From the start though, we knew this team was bad, and wouldn’t contend, so it’s hard to rate this team based on won-lost records. From the start, this season was an “extended spring training” of sorts, where the Phillies would seek to look at young pieces and decide their futures here, and try to audition veterans so they can be traded. The other area of importance in 2015 would be the minor league teams, and how they did.

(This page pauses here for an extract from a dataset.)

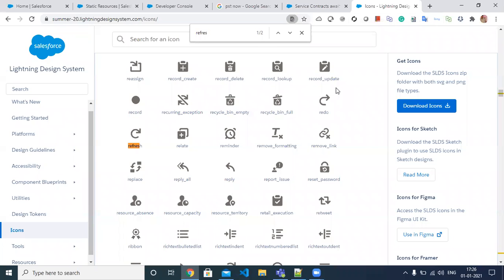In this video I'll explain how we can utilize Lightning Design System related icons in a Visualforce page without uploading them into a static resource. If you go to the Lightning Design System icons tab, for example I want to take the refresh icon into my Visualforce page.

So how’d they do by that standard?

The bag is mixed on the younger players and how they’ve done. Obviously Maikel Franco has impressed us all, and solidified himself as a major piece of the future. Cesar Hernandez and Freddy Galvis have out-performed my expectations for them pre-season, and could end up sticking as starters (although maybe not in Philadelphia). On the other side of that, Cody Asche has disappointed at the plate, and Odubel Herrera has mostly stayed afloat. Ken Giles has not surprised anyone, which is a good thing, but Jake Diekman and Justin De Fratus have been pretty bad. None of the young starting pitchers have proven they should stick. The good news with this mix though is that this is how baseball works. You will miss on at least as many young players as you hit on. The fact that we can talk about even a few pieces sticking makes this a lesser disaster than the team as a whole. Even so, there are some young players with a lot to prove in the second half.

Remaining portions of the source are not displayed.